# GenAI v3: Full Scene Background Manipulation

**Zero training required!**

## Key Features
- **ENTIRE SCENES manipulated** (not just single frames) via PySceneDetect
- **DRAMATIC background changes** (not subtle)
- **Product AUTO-DETECTED** using SAM + DINO episodic memory
- **Smooth video output** with keyframe interpolation
- **Outputs BOTH** manipulated video AND frame

## How It Works
- `increase`: Background becomes **EXTREMELY plain/gray** → all attention on product
- `decrease`: Background becomes **EXTREMELY vibrant/psychedelic** → attention diverted

## Models Used
- **SDXL Inpainting** - State-of-the-art background editing
- **SAM ViT-H** - Segment Anything for product detection
- **DINOv2** - Feature tracking for episodic memory
- **PySceneDetect** - Real scene boundary detection

In [None]:
from GenAI_v3 import SceneManipulator

In [None]:
# Initialize (loads SDXL + SAM + DINO, ~12GB total)
manipulator = SceneManipulator(
    valid_scenes_file="data/valid_scenes.csv",  # Optional (for scene timing)
    video_dir="data/data_tiktok",
    output_dir="outputs/genai_v3",
    device="cuda",
    auto_detect_product=True,  # Auto-detect main product (default)
)

## Increase Attention on Product

Makes background less distracting (muted, simple) → viewer focuses on product

In [None]:
# INCREASE attention on product in scene 6
result = manipulator.manipulate(
    video_id="YOUR_VIDEO_ID",  # ← Change this
    scene_index=6,              # ← Change this
    action="increase",
)

# Both video and frame are output
print(f"Video: {result.video_path}")
print(f"Frame: {result.frame_path}")
print(f"Frames manipulated: {result.frames_manipulated}")

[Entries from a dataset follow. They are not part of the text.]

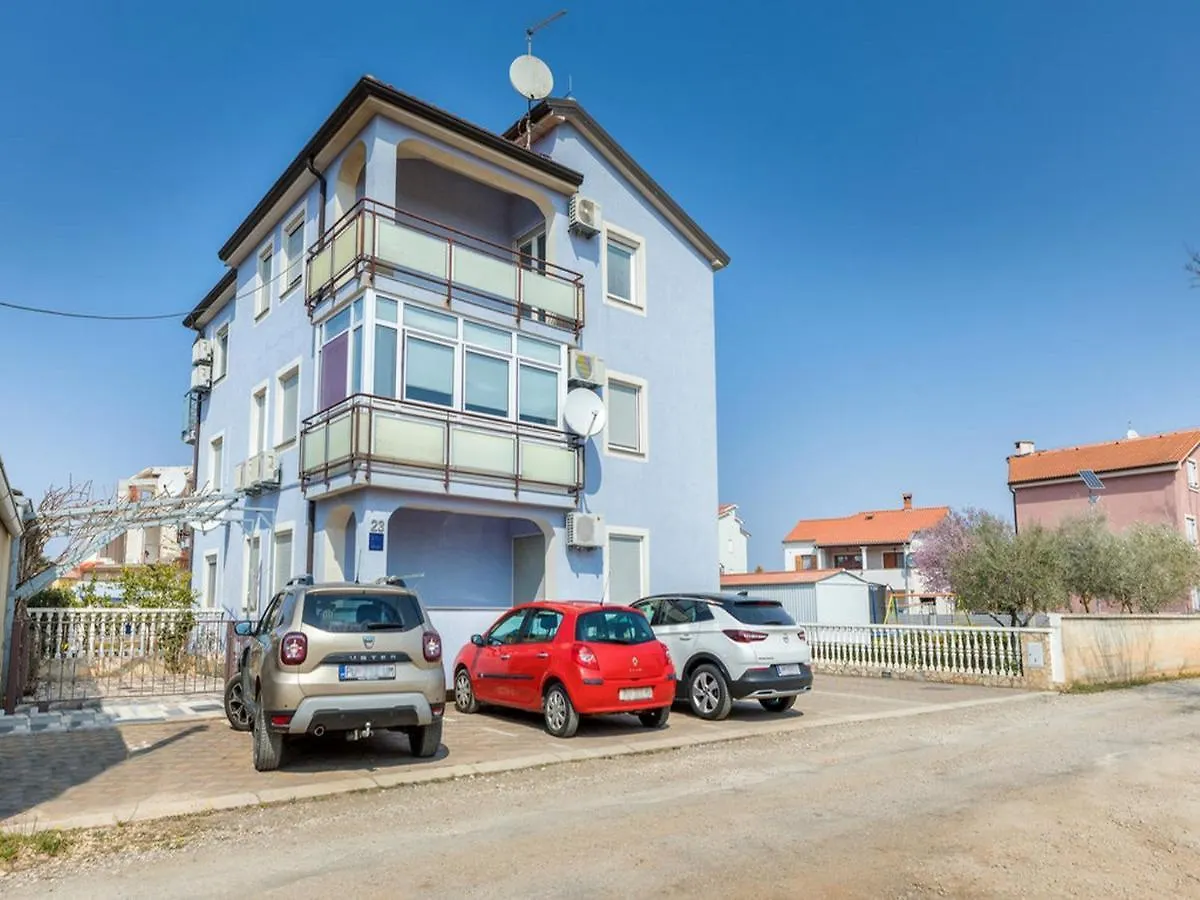 Apartment Dana Fazana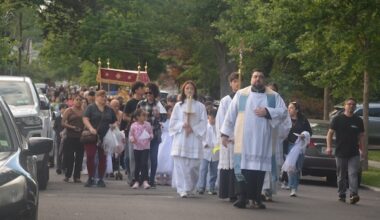 20 First Communicants From Queens Deanery 5 Lead Eucharistic Procession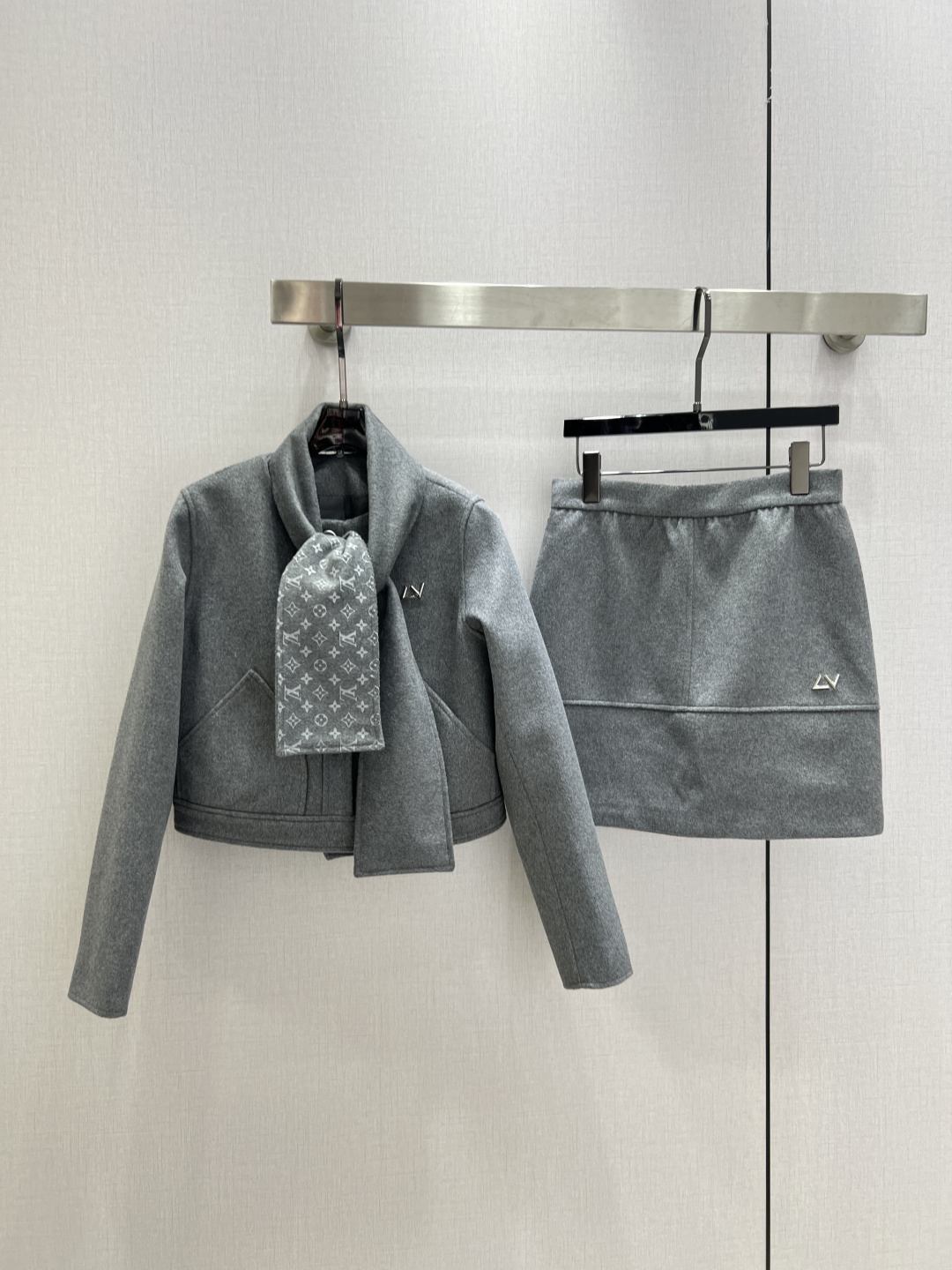 NO:629928,Highly recommended LV*2025 new autumn and winter scarf, double pocket woolen coat, woolen zipper skirt, separate batches  Customized YB imported woolen material, with obvious texture and high-end appearance, two-piece round neck jacket with fake scarf, button-fixed and detachable design, the inside of the hanging collar is covered with four-leaf clover letter logo decoration, which is inadvertently exposed when folded and blown, low-key showing the brand style, and engraved letters  The round buckle echoes, and the symmetrical contour line is rich in layers. It is paired with a straight skirt of the same series. The three-dimensional webbing contour line echoes the upper body jacket. The V-shaped metal logo is embellished at the hem. It is stylish to wear. The upper body of the complete set has a sense of fashion and can be easily controlled for daily commuting. One color  SMLXL code high quality outerwear,,louis vuitton,skirts,jackets & coats,alexander wang19860909强烈推荐 LV*2025秋冬新款 围巾双口袋毛呢外套毛呢拉链半裙 分开批 定制YB进口毛呢材质,肌理明显,品相高级,围巾假两件圆领外套,纽扣固定可拆卸设计,垂落的领边内侧满铺四叶草字母徽标装饰,翻折吹动时不经意外露,低调展现品牌格调,与印刻字母圆扣呼应,配合对称轮廓线丰富层次,搭配同系列直筒半裙,立体织带轮廓线与上半身外套呼应,下摆处V字金属徽标点缀,穿搭有型,成套上身气质不失时尚感,日常通勤都能轻松驾驭.一个色 SMLXL码 高品质外,,louis vuitton,skirts,jackets & coats,alexander wang,Women's clothing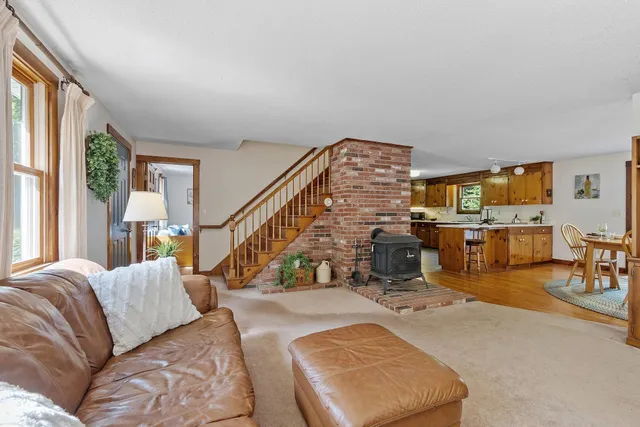 $500,000 | 23 Greenbriar Road, New Ipswich, NH 03071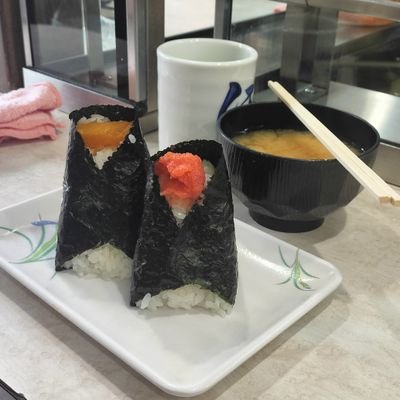看護小規模多機能で管理栄養士をしています。日々感じて思う事をつぶやきます。
美味しいものを食べること
美味しいお酒を飲むのことが生きがいです。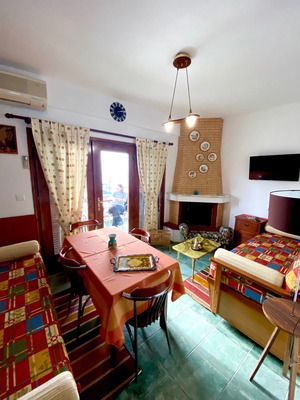 Μεζονέτα 120 τ.μ. επιπλωμένη με τζάκι και κήπο στη Χαλκιδική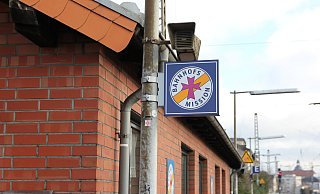 Die Bahnhofsmission am Paderborner Hauptbahnhof ist einem roten Backsteingebäude untergebracht. - David Knapp Die Bahnhofsmission am Paderborner Hauptbahnhof ist einem roten Backsteingebäude untergebracht. - David Knapp
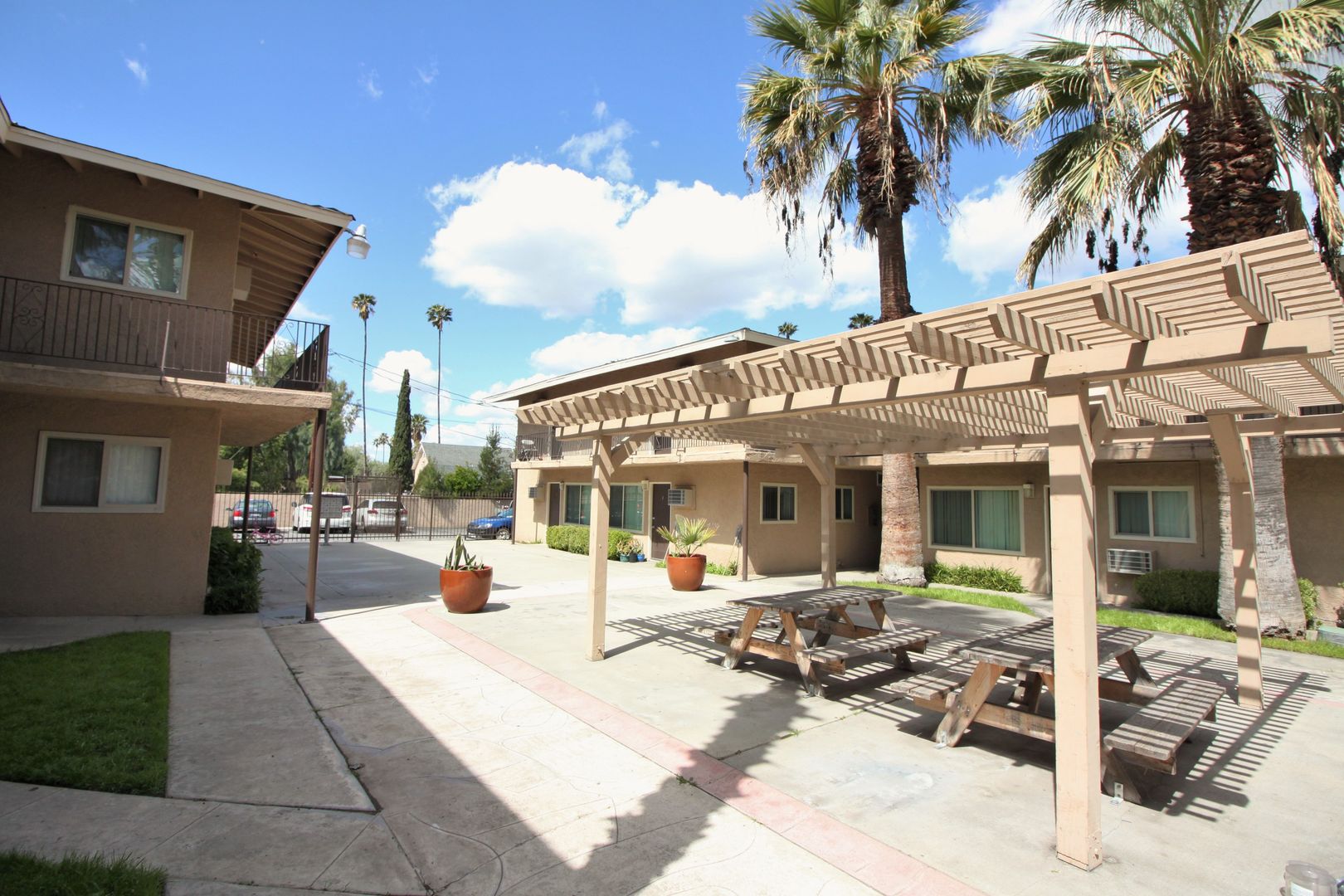 Park Village, Riverside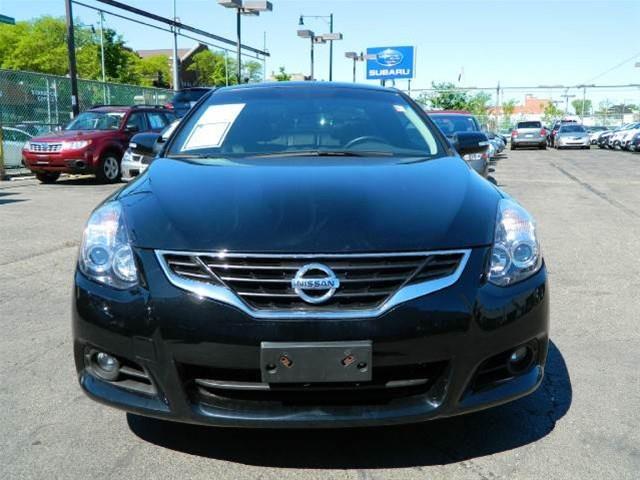Nissan Altima 2010 photo 13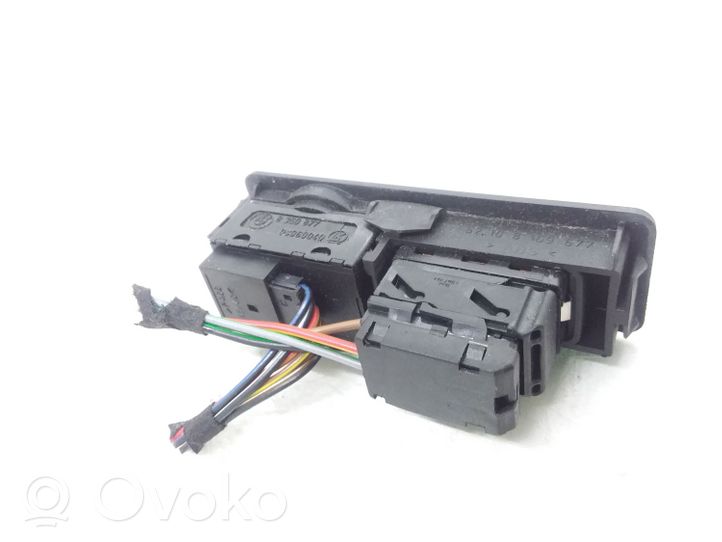 BMW 7 E38 Seat control switch 8360877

## Decrease Attention on Product

Makes background more interesting (vibrant, detailed) → viewer distracted from product

In [None]:
# DECREASE attention on product in scene 3
result = manipulator.manipulate(
    video_id="YOUR_VIDEO_ID",  # ← Change this
    scene_index=3,              # ← Change this
    action="decrease",
)

# Both video and frame are output
print(f"Video: {result.video_path}")
print(f"Frame: {result.frame_path}")
print(f"Frames manipulated: {result.frames_manipulated}")

## Adjust Parameters

- `strength=0.95`: Default - DRAMATIC change (recommended)
- `strength=0.7`: Moderate change
- `keyframe_interval=10`: Process every 10th frame (interpolate between)

In [None]:
# Custom parameters
result = manipulator.manipulate(
    video_id="YOUR_VIDEO_ID",
    scene_index=6,
    action="increase",
    strength=0.95,           # Higher = more dramatic
    num_inference_steps=40,  # Higher = better quality
    keyframe_interval=5,     # Process every 5th frame for smoother result
)

## Batch Processing

In [None]:
import pandas as pd

# Load valid scenes
scenes_df = pd.read_csv("data/valid_scenes.csv")

# Process multiple videos
results = []
for video_id in scenes_df['video_id'].unique()[:3]:  # First 3 videos
    try:
        result = manipulator.manipulate(
            video_id=str(video_id),
            scene_index=1,  # First scene
            action="increase",
        )
        results.append(result)
        print(f"✓ {video_id}")
        print(f"  Video: {result.video_path}")
        print(f"  Frame: {result.frame_path}")
    except Exception as e:
        print(f"✗ {video_id}: {e}")

## Summary

### What It Does
1. Load video with all frames
2. **Detect scene boundaries** using PySceneDetect (real scene cuts)
3. **Auto-detect main product** using SAM + DINO (episodic memory)
4. **Manipulate keyframes** across entire scene with SDXL
5. **Interpolate** between keyframes for smooth video
6. **Composite**: Keep product from original, use manipulated background
7. **Export** both video and sample frame

### Key Improvements
- **Full scene manipulation** - Not just a static image inserted
- **PySceneDetect** - Uses real scene boundaries, not estimates
- **DRAMATIC changes** - Solid gray or psychedelic, not subtle
- **Smooth video** - Keyframe interpolation, no jarring transitions
- **Dual output** - Both video path AND frame path returned

### Performance
- ~2-5 min per scene (depends on scene length)
- ~12-15GB GPU memory peak
- No training required!